Reid may allow Senate vote on assault-weapons ban

Senate Majority Leader Harry Reid had previously indicated he would not allow a vote as the House likely wouldn't support a ban on assault weapons.

WASHINGTON — Senate Majority Leader Harry Reid, a Democrat, signaled Tuesday that despite earlier indications to the contrary, he may allow a vote on a possible ban on assault weapons.

Reid, a longtime gun-rights advocate from Nevada, recently indicated he would not permit a vote because the Republican-led House of Representatives likely wouldn't go along with such a prohibition.

Powerful gun-rights groups oppose a ban on assault weapons and could seek to unseat any lawmaker who backs it, as they have tried to do in the past.

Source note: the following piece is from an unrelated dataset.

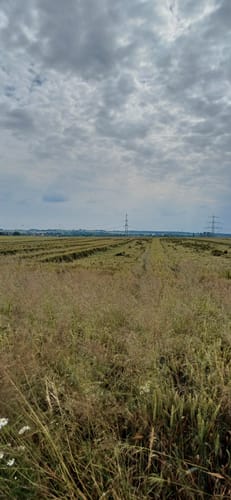 Schöneck Landschaftsweg (Halbmarathonroute)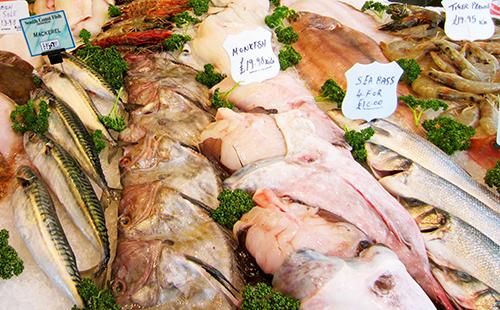 Fish counters delight in abundance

But after a weekly meeting Tuesday with fellow Senate Democrats, Reid told reporters he expects "to have a free amendment process" on gun legislation.

That process could result in other Democrats proposing a possible resurrection of a 10-year ban on semi-automatic assault weapons that expired in 2004.

President Barack Obama proposed a package of measures last week to combat gun violence that includes a ban on assault weapons, limits on high-capacity ammunition clips, expanded mental health treatments and improved school security.

Reid said he expects the Senate Judiciary Committee, which opens hearings next week on proposals by Obama and others, to produce a bill. It is unclear if the measure will include a ban on assault weapons.

"It may not be everything everyone wants. But I hope it has stuff that is really important," Reid told reporters.

A series of shootings in the last two months, including one at an elementary school in Newton, Conn., in which 20 children and six teachers were slain, has triggered a renewed national debate on gun control.